Instructions for the task =
In the entries that follow, the line with "Manchester United Formation 2012" opens the range and the line with "Nerd Counter Stool" closes it; repeat that range exactly, both lines included.

Exercise input =

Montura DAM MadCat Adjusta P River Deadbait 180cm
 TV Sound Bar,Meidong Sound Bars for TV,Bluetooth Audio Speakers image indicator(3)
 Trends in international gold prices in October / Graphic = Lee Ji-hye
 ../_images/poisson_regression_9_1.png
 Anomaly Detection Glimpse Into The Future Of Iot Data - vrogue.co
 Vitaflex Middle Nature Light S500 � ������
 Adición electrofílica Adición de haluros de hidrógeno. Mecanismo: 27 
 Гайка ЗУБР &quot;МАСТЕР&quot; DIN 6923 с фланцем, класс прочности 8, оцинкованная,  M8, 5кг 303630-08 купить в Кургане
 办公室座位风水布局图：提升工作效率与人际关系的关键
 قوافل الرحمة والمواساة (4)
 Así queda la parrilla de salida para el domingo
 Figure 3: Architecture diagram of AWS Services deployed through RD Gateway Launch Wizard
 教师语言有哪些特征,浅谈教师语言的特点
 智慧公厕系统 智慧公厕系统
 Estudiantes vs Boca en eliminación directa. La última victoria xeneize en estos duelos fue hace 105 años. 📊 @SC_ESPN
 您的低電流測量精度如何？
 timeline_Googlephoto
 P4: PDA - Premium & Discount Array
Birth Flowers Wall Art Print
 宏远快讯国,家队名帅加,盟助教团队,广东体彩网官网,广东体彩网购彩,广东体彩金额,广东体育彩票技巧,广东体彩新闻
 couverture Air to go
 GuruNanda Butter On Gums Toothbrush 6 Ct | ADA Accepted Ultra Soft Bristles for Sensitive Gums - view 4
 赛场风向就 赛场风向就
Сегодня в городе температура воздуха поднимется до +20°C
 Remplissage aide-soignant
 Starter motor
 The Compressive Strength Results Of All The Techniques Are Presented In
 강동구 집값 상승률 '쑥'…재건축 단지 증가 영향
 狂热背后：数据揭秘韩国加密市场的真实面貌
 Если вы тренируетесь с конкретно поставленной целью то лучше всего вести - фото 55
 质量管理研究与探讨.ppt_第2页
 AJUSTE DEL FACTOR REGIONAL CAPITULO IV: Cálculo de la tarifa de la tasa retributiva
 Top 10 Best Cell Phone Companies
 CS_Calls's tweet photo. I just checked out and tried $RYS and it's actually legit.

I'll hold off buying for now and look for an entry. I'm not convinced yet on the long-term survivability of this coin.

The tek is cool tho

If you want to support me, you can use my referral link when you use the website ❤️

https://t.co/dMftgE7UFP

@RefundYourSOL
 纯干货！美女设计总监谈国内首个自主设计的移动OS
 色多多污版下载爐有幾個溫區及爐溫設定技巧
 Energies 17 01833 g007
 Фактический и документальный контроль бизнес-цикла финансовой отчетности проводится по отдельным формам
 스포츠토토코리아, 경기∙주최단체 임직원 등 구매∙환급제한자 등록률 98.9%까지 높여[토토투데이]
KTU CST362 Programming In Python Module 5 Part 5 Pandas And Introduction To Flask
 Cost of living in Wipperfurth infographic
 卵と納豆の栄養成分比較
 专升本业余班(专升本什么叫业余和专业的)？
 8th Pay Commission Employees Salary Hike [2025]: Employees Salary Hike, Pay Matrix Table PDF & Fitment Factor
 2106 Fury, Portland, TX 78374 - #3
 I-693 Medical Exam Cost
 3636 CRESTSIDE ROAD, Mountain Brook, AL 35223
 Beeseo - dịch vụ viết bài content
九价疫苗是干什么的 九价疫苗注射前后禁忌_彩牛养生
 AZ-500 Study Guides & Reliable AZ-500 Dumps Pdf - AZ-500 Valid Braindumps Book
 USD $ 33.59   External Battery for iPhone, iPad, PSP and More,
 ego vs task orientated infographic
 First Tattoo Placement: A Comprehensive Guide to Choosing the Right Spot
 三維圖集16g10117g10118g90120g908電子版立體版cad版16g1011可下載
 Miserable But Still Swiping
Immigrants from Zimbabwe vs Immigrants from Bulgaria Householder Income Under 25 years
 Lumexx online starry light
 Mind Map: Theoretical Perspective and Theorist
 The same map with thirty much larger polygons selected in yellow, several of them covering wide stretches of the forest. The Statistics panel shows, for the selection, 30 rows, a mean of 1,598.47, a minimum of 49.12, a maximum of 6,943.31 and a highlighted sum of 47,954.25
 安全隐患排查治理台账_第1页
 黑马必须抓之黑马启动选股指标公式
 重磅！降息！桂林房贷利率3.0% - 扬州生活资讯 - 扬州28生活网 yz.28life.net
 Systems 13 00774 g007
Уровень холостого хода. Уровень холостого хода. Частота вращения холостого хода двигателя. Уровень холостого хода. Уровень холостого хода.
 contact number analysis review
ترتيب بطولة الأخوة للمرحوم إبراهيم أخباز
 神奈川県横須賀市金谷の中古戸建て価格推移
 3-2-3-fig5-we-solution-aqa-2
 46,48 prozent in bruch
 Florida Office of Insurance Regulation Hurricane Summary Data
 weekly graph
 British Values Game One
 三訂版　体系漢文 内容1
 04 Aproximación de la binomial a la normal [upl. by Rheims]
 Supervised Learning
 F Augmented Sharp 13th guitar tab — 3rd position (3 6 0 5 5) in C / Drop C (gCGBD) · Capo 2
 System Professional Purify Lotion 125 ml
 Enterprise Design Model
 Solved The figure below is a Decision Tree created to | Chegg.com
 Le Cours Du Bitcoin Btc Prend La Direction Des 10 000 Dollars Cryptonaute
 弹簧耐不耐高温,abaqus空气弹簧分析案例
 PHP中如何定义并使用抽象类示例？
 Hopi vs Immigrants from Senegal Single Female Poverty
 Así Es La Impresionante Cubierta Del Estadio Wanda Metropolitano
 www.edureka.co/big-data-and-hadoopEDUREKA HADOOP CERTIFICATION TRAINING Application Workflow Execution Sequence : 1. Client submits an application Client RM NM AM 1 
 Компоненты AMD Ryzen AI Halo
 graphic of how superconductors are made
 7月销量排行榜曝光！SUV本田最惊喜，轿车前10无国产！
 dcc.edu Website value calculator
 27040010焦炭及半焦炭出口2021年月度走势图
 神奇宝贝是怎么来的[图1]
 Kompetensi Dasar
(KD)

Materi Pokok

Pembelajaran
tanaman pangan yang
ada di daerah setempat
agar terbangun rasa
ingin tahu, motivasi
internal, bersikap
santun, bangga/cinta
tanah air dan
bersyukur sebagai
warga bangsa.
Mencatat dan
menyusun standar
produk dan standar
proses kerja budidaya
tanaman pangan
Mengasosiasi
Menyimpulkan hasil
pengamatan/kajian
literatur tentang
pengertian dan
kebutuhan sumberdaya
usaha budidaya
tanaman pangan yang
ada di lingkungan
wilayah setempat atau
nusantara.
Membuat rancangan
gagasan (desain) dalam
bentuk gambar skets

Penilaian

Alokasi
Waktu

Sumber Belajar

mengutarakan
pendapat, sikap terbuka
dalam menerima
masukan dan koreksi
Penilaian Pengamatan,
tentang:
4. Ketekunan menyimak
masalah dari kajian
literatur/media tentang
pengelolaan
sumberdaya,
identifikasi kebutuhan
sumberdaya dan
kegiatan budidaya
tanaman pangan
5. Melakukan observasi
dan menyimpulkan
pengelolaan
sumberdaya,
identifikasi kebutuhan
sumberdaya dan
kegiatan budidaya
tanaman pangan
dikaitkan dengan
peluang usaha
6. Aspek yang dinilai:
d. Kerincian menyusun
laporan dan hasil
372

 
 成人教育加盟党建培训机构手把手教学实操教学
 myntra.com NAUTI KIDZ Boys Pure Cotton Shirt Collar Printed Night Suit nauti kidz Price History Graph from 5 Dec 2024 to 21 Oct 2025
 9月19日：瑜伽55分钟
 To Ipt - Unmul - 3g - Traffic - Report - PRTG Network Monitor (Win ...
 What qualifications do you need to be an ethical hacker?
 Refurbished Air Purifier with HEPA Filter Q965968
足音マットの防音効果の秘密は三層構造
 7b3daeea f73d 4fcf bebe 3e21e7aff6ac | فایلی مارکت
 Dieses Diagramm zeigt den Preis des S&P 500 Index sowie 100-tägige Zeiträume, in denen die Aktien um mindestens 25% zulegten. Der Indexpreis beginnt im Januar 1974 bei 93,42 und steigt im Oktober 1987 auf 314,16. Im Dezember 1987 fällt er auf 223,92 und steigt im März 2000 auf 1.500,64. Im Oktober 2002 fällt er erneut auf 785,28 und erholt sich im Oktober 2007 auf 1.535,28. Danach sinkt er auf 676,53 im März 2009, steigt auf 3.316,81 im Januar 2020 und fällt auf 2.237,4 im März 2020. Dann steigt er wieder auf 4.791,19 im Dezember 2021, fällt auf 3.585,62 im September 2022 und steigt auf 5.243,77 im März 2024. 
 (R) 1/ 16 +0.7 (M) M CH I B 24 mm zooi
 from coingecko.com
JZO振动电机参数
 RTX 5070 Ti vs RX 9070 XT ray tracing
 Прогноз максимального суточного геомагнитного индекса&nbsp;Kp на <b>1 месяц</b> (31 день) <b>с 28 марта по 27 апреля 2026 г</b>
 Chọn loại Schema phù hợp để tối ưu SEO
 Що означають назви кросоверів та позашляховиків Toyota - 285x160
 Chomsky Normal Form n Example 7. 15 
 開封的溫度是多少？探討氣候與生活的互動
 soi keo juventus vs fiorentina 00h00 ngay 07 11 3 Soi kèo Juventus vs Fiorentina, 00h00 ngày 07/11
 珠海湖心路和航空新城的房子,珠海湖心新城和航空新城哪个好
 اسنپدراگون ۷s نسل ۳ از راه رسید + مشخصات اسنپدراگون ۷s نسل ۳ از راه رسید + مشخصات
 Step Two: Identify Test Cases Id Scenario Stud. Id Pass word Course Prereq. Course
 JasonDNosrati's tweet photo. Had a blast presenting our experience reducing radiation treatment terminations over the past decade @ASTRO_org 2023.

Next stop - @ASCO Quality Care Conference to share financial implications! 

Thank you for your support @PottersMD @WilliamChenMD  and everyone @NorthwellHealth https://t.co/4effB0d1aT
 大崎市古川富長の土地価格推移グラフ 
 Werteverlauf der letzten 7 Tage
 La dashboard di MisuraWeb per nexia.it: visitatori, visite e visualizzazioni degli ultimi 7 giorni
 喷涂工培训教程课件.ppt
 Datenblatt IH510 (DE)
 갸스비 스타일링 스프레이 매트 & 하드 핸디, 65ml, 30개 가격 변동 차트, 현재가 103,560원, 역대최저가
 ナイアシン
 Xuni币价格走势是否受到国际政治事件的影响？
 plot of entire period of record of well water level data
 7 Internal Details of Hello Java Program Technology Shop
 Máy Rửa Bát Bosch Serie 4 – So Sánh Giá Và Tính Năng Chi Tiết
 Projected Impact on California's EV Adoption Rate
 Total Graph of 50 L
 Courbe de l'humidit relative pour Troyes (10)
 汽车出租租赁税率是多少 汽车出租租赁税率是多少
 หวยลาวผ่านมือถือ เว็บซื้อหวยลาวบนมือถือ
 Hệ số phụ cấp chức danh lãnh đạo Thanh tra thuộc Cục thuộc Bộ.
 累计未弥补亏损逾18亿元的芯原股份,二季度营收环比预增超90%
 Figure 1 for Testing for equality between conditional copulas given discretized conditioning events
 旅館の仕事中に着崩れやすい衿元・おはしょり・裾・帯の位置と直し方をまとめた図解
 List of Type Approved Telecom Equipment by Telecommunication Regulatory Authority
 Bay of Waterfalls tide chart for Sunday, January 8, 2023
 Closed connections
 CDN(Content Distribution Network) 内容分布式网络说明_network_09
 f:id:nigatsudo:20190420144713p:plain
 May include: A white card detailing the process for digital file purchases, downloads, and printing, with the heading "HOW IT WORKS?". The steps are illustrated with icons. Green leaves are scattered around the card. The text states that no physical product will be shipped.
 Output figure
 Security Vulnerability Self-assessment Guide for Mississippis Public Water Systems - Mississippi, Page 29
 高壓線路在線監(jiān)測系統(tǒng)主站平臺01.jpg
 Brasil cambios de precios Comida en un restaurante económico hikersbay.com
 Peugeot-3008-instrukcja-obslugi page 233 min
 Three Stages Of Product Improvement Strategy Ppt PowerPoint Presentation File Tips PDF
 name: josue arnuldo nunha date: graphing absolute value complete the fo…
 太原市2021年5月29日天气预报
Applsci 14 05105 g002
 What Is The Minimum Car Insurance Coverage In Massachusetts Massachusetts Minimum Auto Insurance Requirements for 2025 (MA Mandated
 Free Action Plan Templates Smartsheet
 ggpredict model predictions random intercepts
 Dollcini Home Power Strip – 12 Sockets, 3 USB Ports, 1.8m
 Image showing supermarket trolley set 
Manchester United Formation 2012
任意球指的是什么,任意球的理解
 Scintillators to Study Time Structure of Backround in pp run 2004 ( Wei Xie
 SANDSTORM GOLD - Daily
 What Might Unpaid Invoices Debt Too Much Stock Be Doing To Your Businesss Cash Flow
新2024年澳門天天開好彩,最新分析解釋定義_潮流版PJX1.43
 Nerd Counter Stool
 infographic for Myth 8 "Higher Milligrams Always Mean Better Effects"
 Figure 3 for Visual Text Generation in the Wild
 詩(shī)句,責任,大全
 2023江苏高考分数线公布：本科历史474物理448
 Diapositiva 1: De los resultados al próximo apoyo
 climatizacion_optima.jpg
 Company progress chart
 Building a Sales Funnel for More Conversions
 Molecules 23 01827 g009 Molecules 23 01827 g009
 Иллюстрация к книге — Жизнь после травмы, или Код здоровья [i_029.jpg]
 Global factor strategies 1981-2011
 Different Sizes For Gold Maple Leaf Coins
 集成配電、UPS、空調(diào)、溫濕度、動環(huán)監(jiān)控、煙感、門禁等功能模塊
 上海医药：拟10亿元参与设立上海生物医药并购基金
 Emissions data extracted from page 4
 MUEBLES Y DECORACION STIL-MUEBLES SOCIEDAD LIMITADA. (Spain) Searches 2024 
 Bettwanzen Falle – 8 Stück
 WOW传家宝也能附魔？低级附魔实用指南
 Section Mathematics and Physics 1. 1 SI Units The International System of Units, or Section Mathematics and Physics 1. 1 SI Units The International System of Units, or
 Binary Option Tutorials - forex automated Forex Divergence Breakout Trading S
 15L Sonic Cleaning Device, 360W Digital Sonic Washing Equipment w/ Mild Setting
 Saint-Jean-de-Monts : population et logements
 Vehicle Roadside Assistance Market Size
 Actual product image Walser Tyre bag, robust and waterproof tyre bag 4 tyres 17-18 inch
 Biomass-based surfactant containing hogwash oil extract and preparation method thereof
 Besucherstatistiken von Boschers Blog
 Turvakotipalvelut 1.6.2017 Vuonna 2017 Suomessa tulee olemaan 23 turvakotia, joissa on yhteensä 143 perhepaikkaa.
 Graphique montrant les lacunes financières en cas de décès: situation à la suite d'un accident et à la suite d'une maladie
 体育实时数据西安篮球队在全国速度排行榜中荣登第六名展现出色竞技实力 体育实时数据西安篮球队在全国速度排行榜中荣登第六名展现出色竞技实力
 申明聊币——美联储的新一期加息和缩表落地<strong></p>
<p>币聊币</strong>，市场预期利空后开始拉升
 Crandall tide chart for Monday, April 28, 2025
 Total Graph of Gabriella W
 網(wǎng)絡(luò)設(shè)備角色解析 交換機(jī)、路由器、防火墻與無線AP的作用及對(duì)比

Solution to this task =
Manchester United Formation 2012
任意球指的是什么,任意球的理解
 Scintillators to Study Time Structure of Backround in pp run 2004 ( Wei Xie
 SANDSTORM GOLD - Daily
 What Might Unpaid Invoices Debt Too Much Stock Be Doing To Your Businesss Cash Flow
新2024年澳門天天開好彩,最新分析解釋定義_潮流版PJX1.43
 Nerd Counter Stool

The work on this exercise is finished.